I have committed myself to using Clojure for almost all of my development work but I am still not 100% convinced that Clojurescript is right for me for most projects. The issue is that it takes much more effort for me to build rich client applications in Clojurescript than traditional web apps using Hiccup (with small bits of AJAX or PJAX). I also haven’t given up playing with/experimenting with Ember.js and I feel close to really getting my head around Ember Data so when I need a rich client Ember.js is definitely still a possibility.

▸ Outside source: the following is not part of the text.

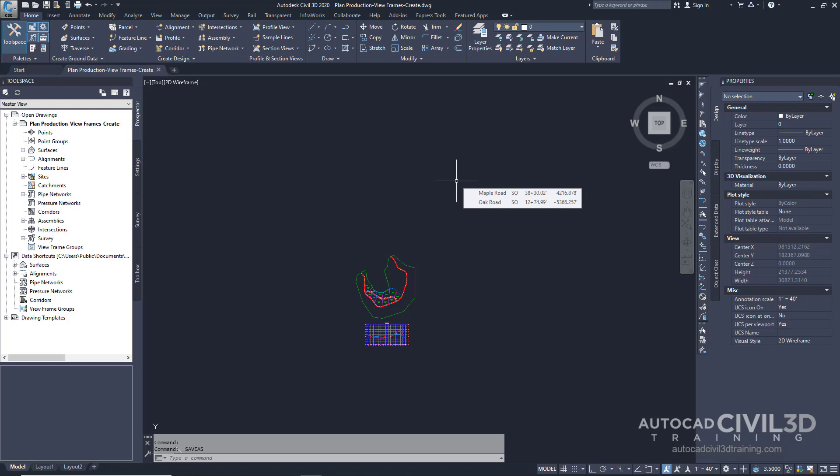This exercise continues from configuring viewports. So let's go ahead and start by creating viewframes. Go to plan production, viewframe, create drawing in your tutorial folder. Now note that in this select file dialog box ensure that the file type is set to drawing rather than drawing template.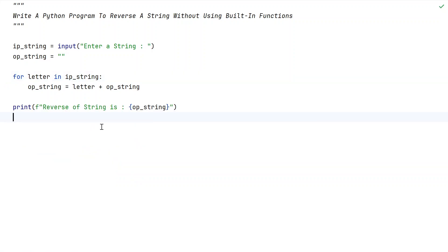This is a complete Python program to reverse a string without using the built-in function. I will give this code in the description of this video. That's it in this video, hope you liked it, thank you for watching, bye.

I am taking three Coursera classes right now (Probabilistic Graphical Models, Computational Neuroscience, and just starting Introduction to Data Science). I should probably drop at least one of these classes due to time constraints but I think I will hang in there with all three for a few more weeks.

Weather has been great in Sedona Arizona where we live. Here are a few pictures I have taken in Sedona and the surrounding area. In the last 6 weeks Carol and I have painted the outside of our house and caught up on yard work. I also have been hiking and kayaking a lot.

A Clojurescript rookie’s survival guide notes

I have been enjoying the combination of writing Clojurescript clients with server side Clojure + Compojure. However, I have run across a few pain points and use a few simple little hacks to make things easier. My little hacks may be far from “best practice”:

Forget about JSON, just serialize Clojure data. This seems strange since JSON is nice to use and cross platform, but when talking Clojure to Clojure, I find it easier to use pr-str to print Clojure data to a string and in Clojurescript to read it using:

(ns myfocus.client
  (:use-macros [crate.def-macros :only [defpartial]])
  (:require [goog.net.XhrIo :as xhr]
            [goog.object :as gobj]
            [goog.events.KeyHandler :as key-handler]
            [goog.events :as gevents]
            [goog.dom :as dom]
            [domina :as d]
            [domina.events :as events]
            [dommy.template :as template]
            [cljs.reader :as reader])) 

(defn str-to-clojure-data [s]
  (let [data (reader/read-string s)]
    ....))

and on the server side in Clojure (there may be security issues with this):

  (let [data (read-string s)
    ...

EDIT: Lucian and Bernard pointed out that I should have used clojure.edn/read-string instead of cljs.reader.read-string to avoid a security hole.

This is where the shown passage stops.